- 148
Alexander Young Jackson 1882 - 1974
Description
- Alexander Young Jackson
- Miner's Cottages, Cochenour-Willans Mines, Red Lake Country
signed lower right; titled and dated 1953 on the stretcher
- oil on canvas
- 41 by 51 cm.
- 16 by 20 in.
Provenance
Kaspar Gallery, Toronto
Private Collection, Vancouver
Catalogue Note
Jackson liked to travel into remote northern mining sites for a variety of reasons. First, he liked to document as much of Canada's varied landscapes as he could. In this respect he was much more thorough than his other colleagues in the Group of Seven, only one or two of whom actually got to every region of the country.
Second, Jackson was virtually guaranteed to find subjects for him to paint, and especially at mining sites, which were concrete examples of Canadians hard at work. The great economic drivers of the time were mining, lumber, agriculture, and fishing. These were the activities that Jackson and his colleagues were drawn to as valid subjects in their quest to portray the character of Canada.

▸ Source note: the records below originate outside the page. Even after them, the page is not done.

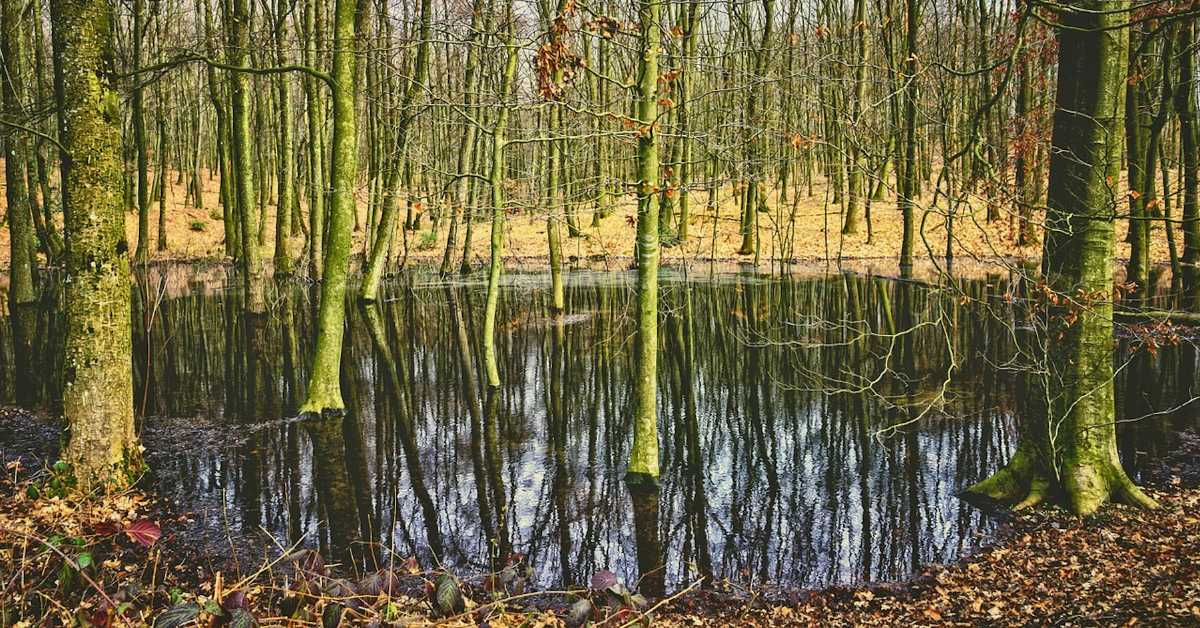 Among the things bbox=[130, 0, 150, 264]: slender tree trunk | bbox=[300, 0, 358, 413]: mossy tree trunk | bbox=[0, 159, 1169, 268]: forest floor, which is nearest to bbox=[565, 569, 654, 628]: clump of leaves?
bbox=[300, 0, 358, 413]: mossy tree trunk

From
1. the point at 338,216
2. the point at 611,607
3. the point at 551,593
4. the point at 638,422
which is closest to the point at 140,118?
the point at 338,216

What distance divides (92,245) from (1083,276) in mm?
9177

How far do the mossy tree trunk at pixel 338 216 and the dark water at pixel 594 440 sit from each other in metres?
0.70

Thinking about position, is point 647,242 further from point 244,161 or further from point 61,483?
point 244,161

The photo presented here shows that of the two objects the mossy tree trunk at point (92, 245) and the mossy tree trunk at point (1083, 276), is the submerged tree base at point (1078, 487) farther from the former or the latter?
the mossy tree trunk at point (92, 245)

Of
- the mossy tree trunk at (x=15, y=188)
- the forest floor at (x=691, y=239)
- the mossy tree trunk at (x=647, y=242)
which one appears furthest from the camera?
the forest floor at (x=691, y=239)

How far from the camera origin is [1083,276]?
7.23 m

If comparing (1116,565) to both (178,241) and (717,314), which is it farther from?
(178,241)

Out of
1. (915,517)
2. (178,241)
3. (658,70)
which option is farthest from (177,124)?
(915,517)

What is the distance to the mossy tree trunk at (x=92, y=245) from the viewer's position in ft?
23.8

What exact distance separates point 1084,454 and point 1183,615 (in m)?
2.98

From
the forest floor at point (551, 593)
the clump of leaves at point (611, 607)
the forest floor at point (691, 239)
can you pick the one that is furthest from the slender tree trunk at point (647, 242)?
the forest floor at point (691, 239)

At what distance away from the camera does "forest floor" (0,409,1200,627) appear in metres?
4.07

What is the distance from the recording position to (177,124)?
49.2 metres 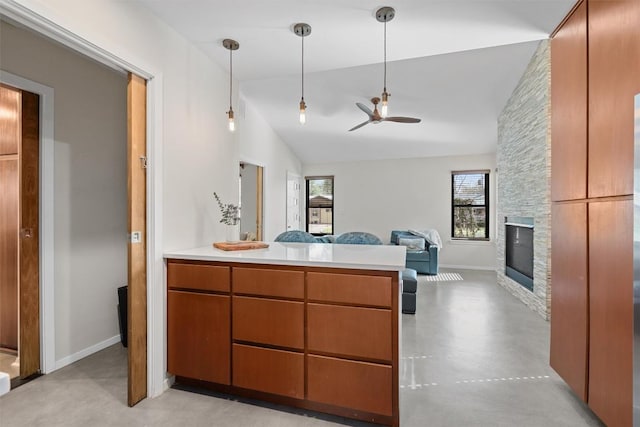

Finally (and practically), Jackson liked to set up a visit ahead of time so that he could hitch a ride on a plane, and have a place to sleep and eat, usually free or at least in exchange for a sketch or two. As well, the possibility existed that he might sell a large canvas of the mine site to one of the executives of the company back in Toronto or Montreal.
This particular painting of the famous Cochenour-Willans Mine in the Red Lake district in northern Ontario is a vivid one that shows the miners' cottages there. The mine was a great gold producer for a very long time, and Jackson's record of it is a fine memorial to its now-faded reputation.